■ **TASK PROMPT**:
Would you print the lines below exactly, beginning at the line that has "Сейф за дома Griffon R.30.E (20 кг) (2)" and stopping after the line that has "P!nk - The Truth About Love artwork"? Only those lines, and no pictures.

■ **TASK INPUT**:
◇ ◇ ◇ ◇ ◇ ◇ ◇

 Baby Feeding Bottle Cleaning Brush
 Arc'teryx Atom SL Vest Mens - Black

◇ ◇ ◇ ◇ ◇ ◇ ◇

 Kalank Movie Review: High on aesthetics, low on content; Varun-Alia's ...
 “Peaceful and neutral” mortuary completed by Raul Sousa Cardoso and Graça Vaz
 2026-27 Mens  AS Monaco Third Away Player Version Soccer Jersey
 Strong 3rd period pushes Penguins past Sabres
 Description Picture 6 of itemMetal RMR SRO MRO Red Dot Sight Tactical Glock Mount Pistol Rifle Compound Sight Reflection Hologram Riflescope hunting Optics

◇ ◇ ◇ ◇ ◇ ◇ ◇

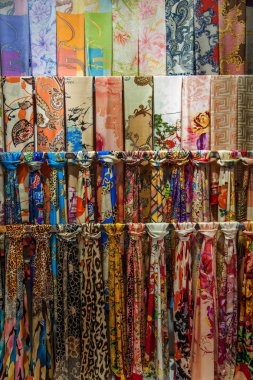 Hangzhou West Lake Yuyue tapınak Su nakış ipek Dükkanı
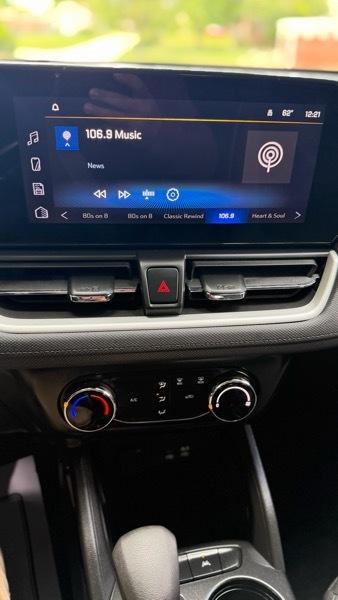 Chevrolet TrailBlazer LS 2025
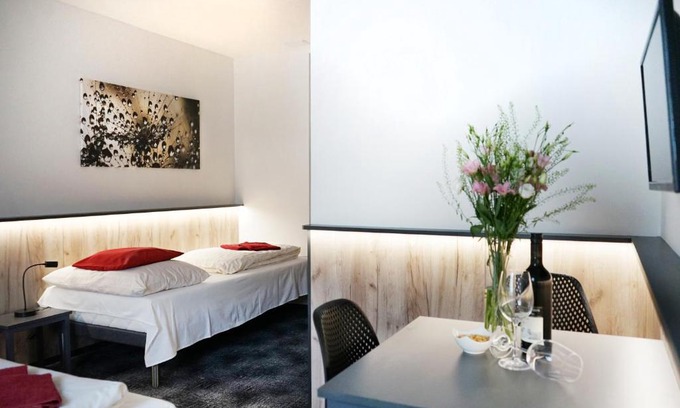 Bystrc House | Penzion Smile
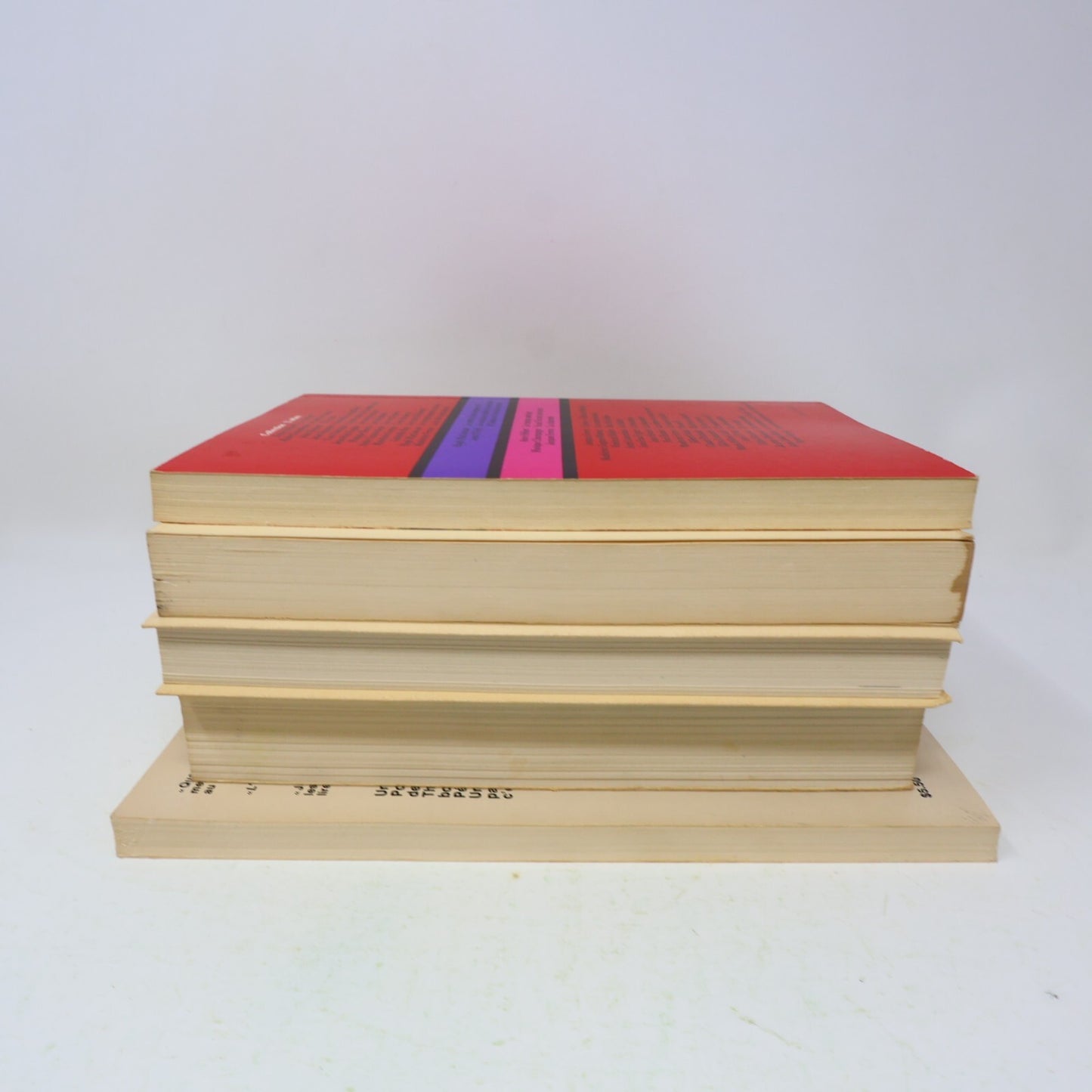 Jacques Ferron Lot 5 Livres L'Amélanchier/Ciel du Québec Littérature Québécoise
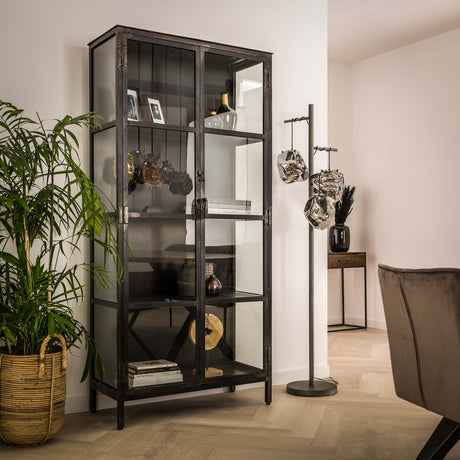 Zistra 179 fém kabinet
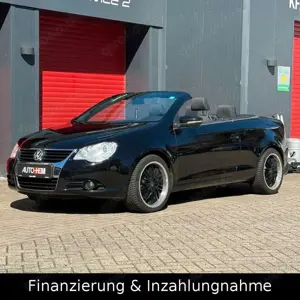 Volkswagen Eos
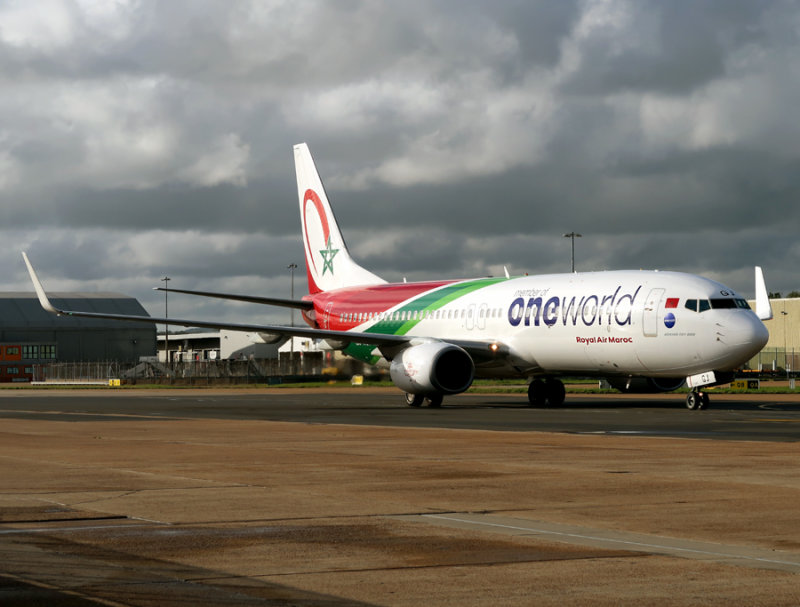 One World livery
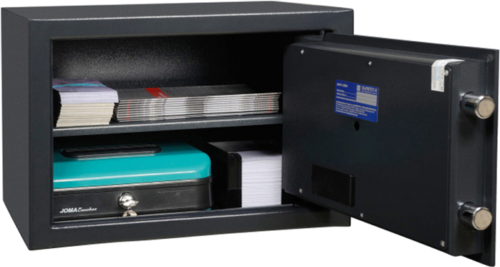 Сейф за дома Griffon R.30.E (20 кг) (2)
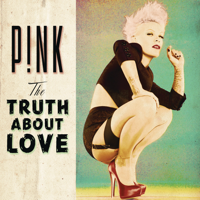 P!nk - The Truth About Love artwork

◇ ◇ ◇ ◇ ◇ ◇ ◇

■ **EXERCISE RESPONSE**:
 Сейф за дома Griffon R.30.E (20 кг) (2)
 P!nk - The Truth About Love artwork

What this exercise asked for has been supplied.